Mounirou Sy – Sénégal Actu

L’Afrique doit procéder à une rupture totale de la chaîne de dépendance à l’occident. C’est ce que prône Mouhamadou Mounirou Sy. Le Constitutionnaliste, Maître de conférence à l’Université Iba Der Thiam de Thiès a défendu cette idée de souveraineté entière du continent noir dans son dernier ouvrage intitulé : ’’Les Sirènes de Gao’’.
Invité à l’émission le Jury du Dimanche (JDD), ce 6 juin 2021, M. Mounirou Sy a appelé les Africains à être ’’debout’’.

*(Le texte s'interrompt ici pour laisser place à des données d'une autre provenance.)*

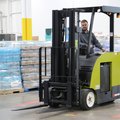 Clark SE15T 3-Wheel Electric Forklift in a bottling plant warehouse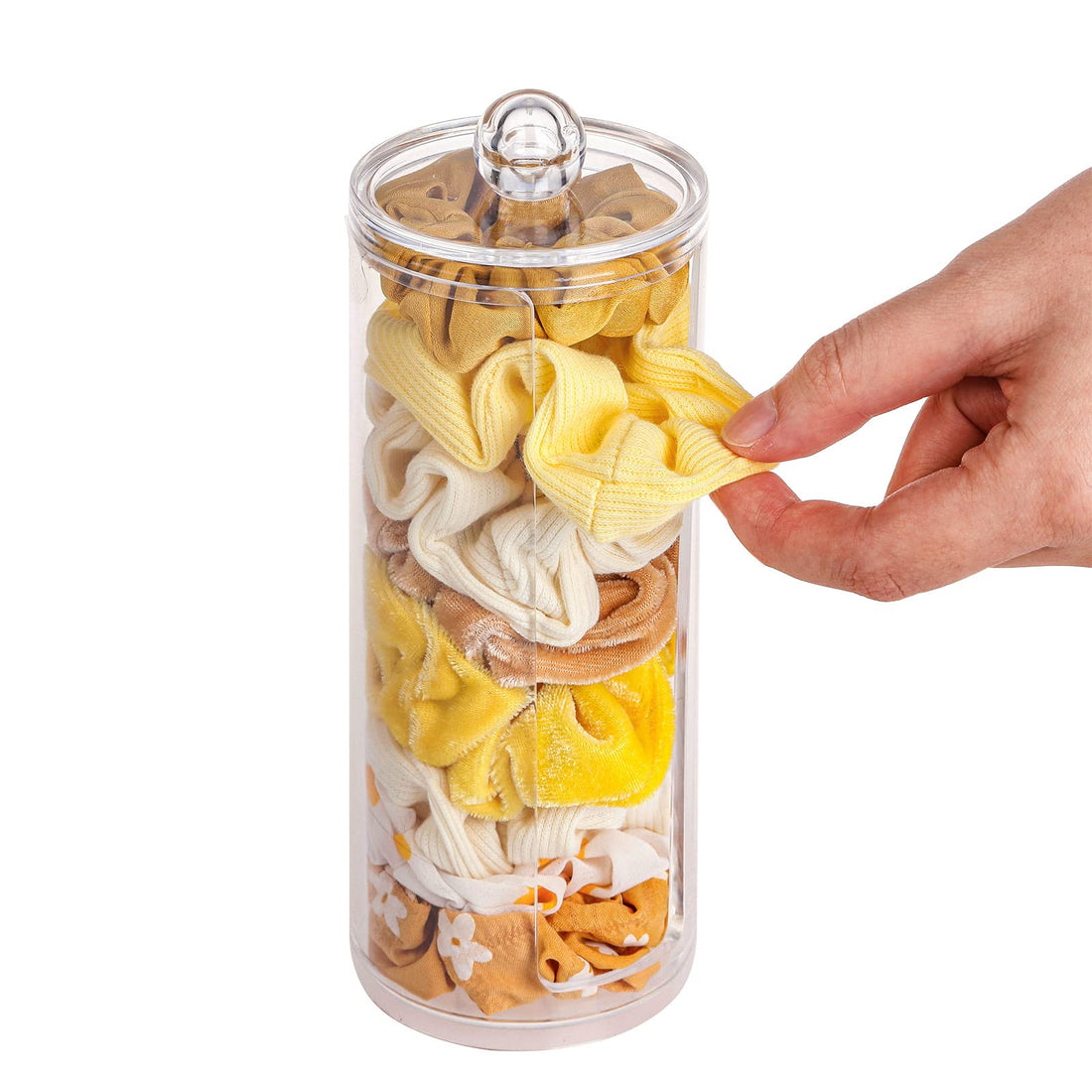 FABROK Clear Scrunchie Holder Stand, Hair Tie Organizer Stand with Lid, Portable Hair Accessories Organizer Perfect Scrunchy Display Organizer for Teen Girls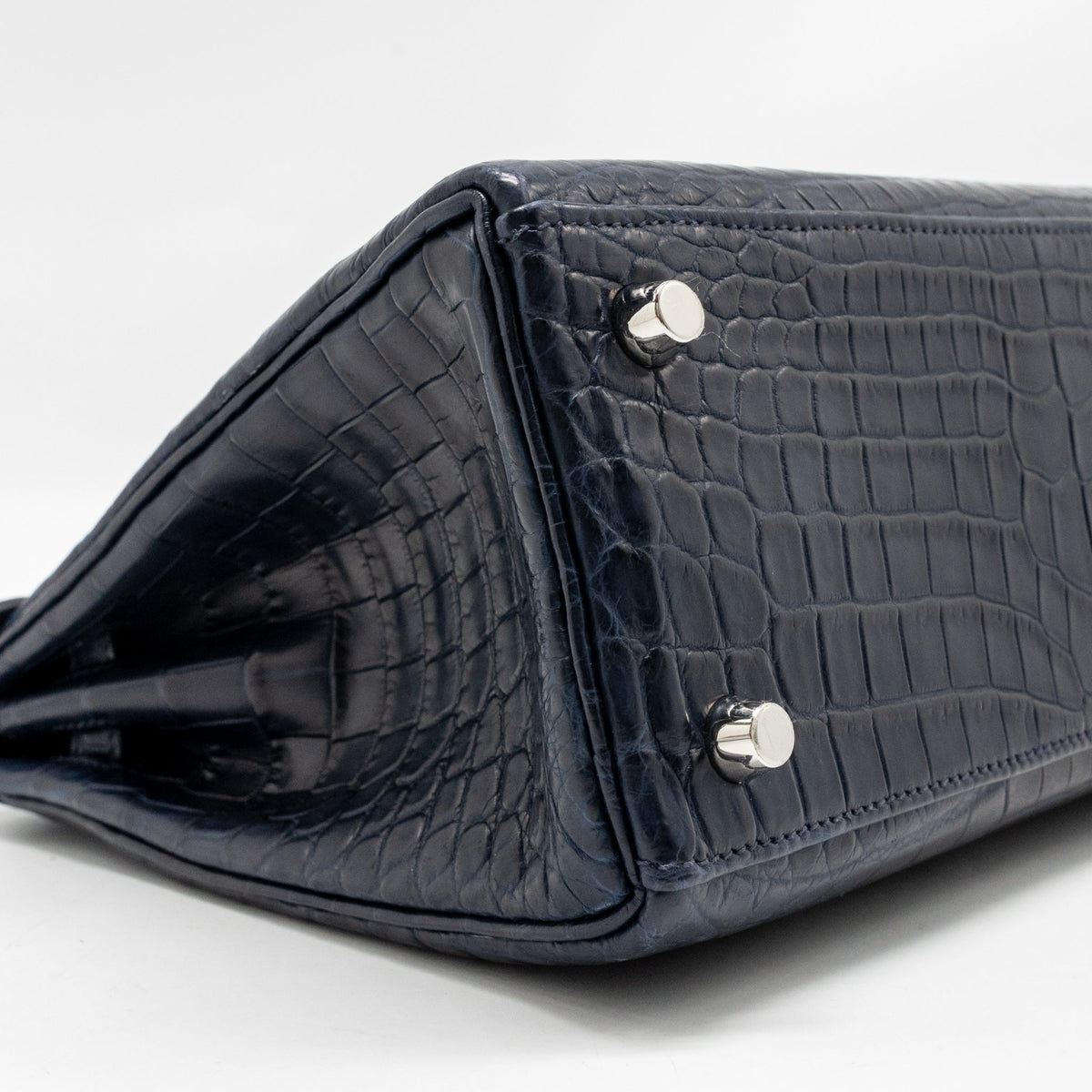 Hermes Kelly 25 crocodile niloticus Matt blue marine SHW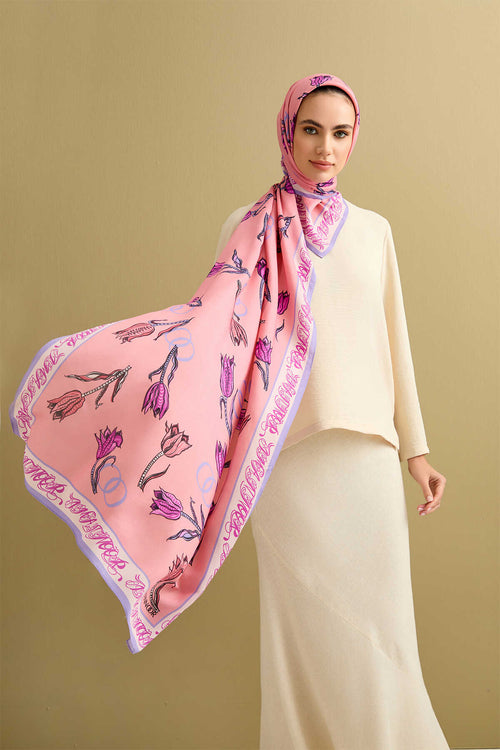 Lale Noor Pembe Floş Viskon Şal 70x200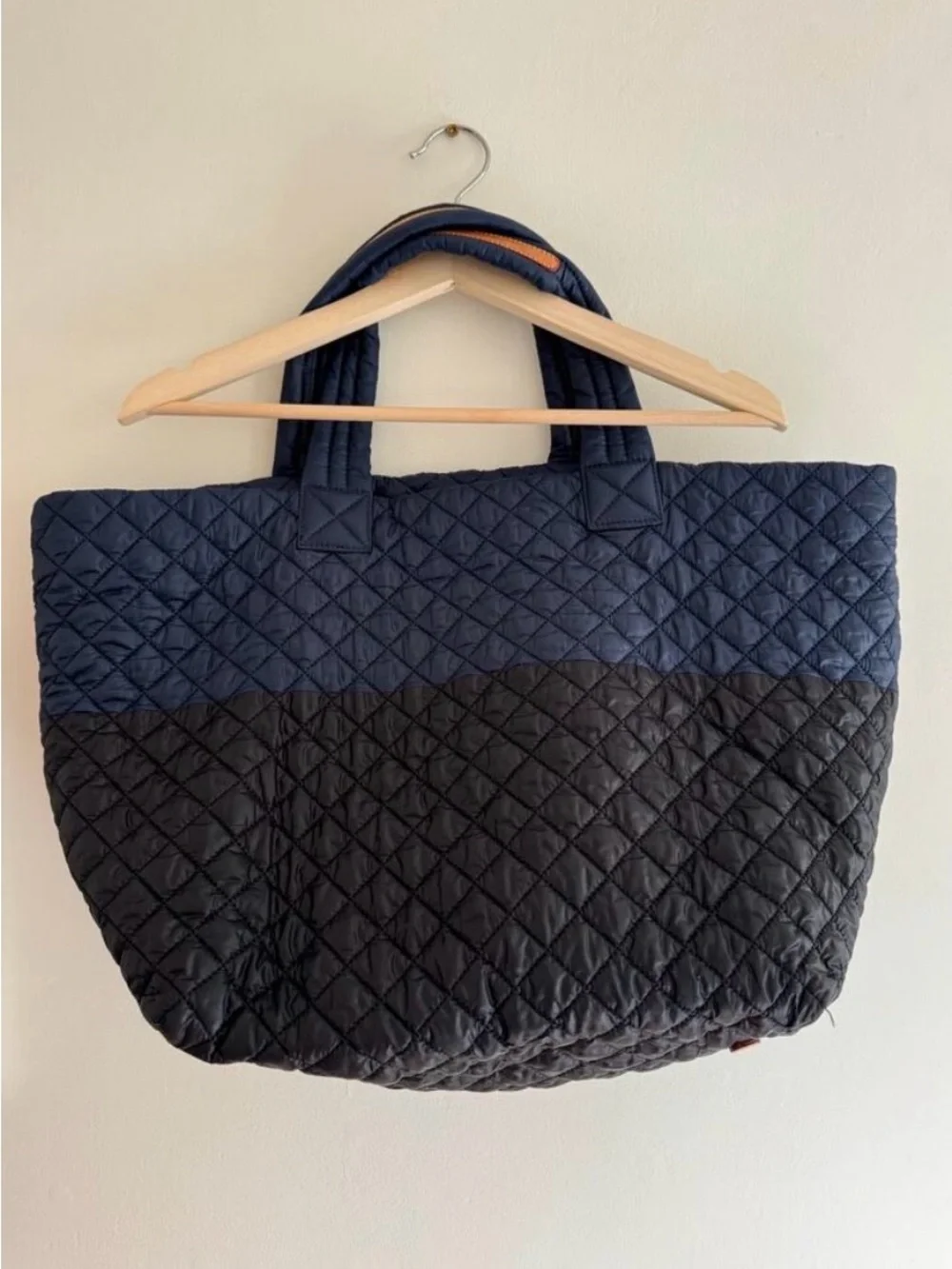 MZ Wallace Large Metro Quilted Navy and Black Two-Tone Tote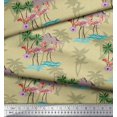 thumbnail image 2 of Soimoi Beige Velvet Fabric Palm Tree, & Flamingo Bird Fabric Prints By Yard 58 Inch Wide, 2 of 3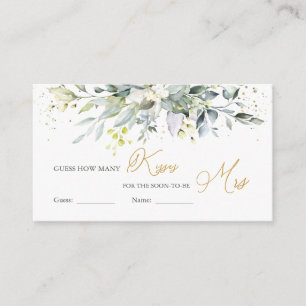 Cartão De Informações Greenery Eucalyptus adivinha quantos beijos em Jar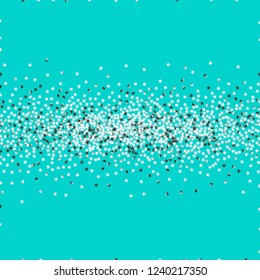 Colorful stars confetti spread horizontally. Isolated gradient celestial elements. Silver metal glitter. Festive iridescent holographic shine effect vector template for decorations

Pour aspirer à une vraie souveraineté, estime-t-il, les États africains doivent briser les chaînes qui les lient à l’occident. ’’ Comme disait Tata Nana dans un ouvrage de Aminata Traoré, quand on est debout, on occupe moins de place. Si on est couché, on occupe plus d’espace. Si on est debout, on a tendance à marcher et qui marche avance”, a-t-il personnifié.

“Quitter le CFA, une question de souveraineté’’

La souveraineté rime avec une indépendance économique. Or, pour lui, le retard de l’Afrique est en grande partie lié à sa dépendance économique. C’est pourquoi, l’auteur des ’’Sirenes du Gao’’ appelle à repenser le modèle économique. ’’ Il faut revoir ce que l’on appelle, la clé de voûte de l’économie : la monnaie. Il faut quitter le CFA’’, a-t-il déclaré.

L’Enseignantchercheur estime que “tous les avantages que le CFA donne ne sont que l’arbre qui cache la forêt. Les inconvénients sont multiples et mille fois plus importants que le peu davantage qu’il donne aux Africains’’. Pour justifier sa thèse des inconvénients du CFA, M. Mounirou Sy ne manque pas d’exemples. Selon lui, les pays francophones d’Afrique centrale et ceux de l’ouest sont les deux parties les moins développées du continent. ’’Il y a un facteur parmi ceux qui justifie cet état de fait : la monnaie. On partage la même monnaie et on est sous développé. Aujourd’hui, le Kénya s’en va. Les pays maghrébins nous dépassent de loin”, assure-t-il, en donnant l’exemple du Maroc.

“Actuellement, le Maroc reçoit des émigrés espagnols qui viennent travailler chez eux. L’Afrique doit commencer par rompre cette chaîne. Celui détient les cordons de la bourse, détient le pouvoir de commandement. Deuxième chose, essayer de nous libérer des institutions de Breton Woods : FMI, Banque Mondiale. Khadafi avait un grand programme pour que l’Afrique soit indépendante par rapport à ça. Ces institutions ont un agenda qu’elles déroulent sinon l’Afrique n’aura pas d’aides ni d’accompagnements. Avec également leur valeur. À chaque fois que ces institutions vous prêtent de l’argent, elles intègrent la notion genre. Promotion du genre. Le genre on sait. Ce n’est pas seulement l’homme et la femme, mais également l’autre qui est entre les deux”, a-t-il déclaré.